In the afternoon I got a second wind and I came back with my folks for Art and Wine part two. My mom shopped for a cutting board after destroying our last one while my dad and I were in the back country. My dad bought raffle tickets for a canoe (cuz he didn't get his fill...). And I bought wall art for my dorm room. It was all around a very successful second round.
Walking back to the car I got my last tastes of this community. Pre-teen bros on BMX bikes with Beiber hair riding around the streets like squeaky-clean hooligans, preppy high school girls with whore make-up and too straight streaky hair gliding from booth to booth with a vapid unawareness of what they are looking at, parents chasing toddlers with wispy hair meticulously rubber-banded in an undignified tuft on the top of their heads, retirees' with their callused, arthritis-stricken hands clasped as they stroll with wine glasses tipping precariously in their other hands, moms with blackberries and jogging outfits, dads with blue-tooths and loafers, the usual suspects, all who I love.
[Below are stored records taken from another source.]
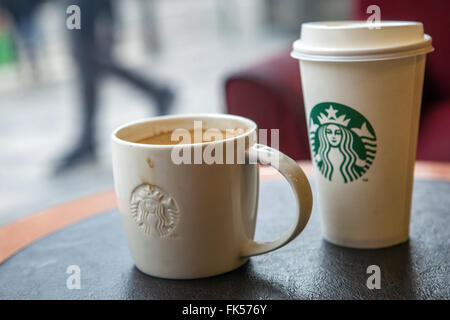 Café Starbucks tasses sur une table et la rue devant la fenêtre Banque D'Images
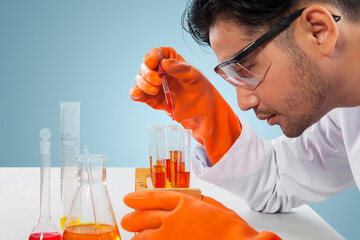 Male researcher analyzing chemical liquid on studio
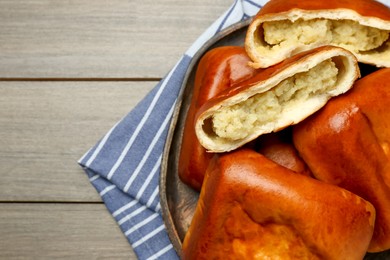 Photo of Delicious baked patties with potato on wooden table, top view. Space for text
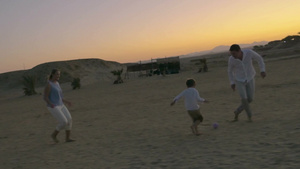 日落沙滩上一家三口玩球8秒视频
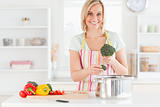 Woman cooking broccoli looks into the camera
Not because I recognize every face or know all about their lives, but because they represent all I am leaving behind. A sort of oddly unique yet poshly cliche community of people all here, downtown, looking at art and drinking wine.
This is my perfect goodbye. Now I am road-tripping up to Seattle, back to school, with my dear mother. It is day two and we are now in Portland. Last night we were in Ashland. And tomorrow, well, we can talk about that when we get there.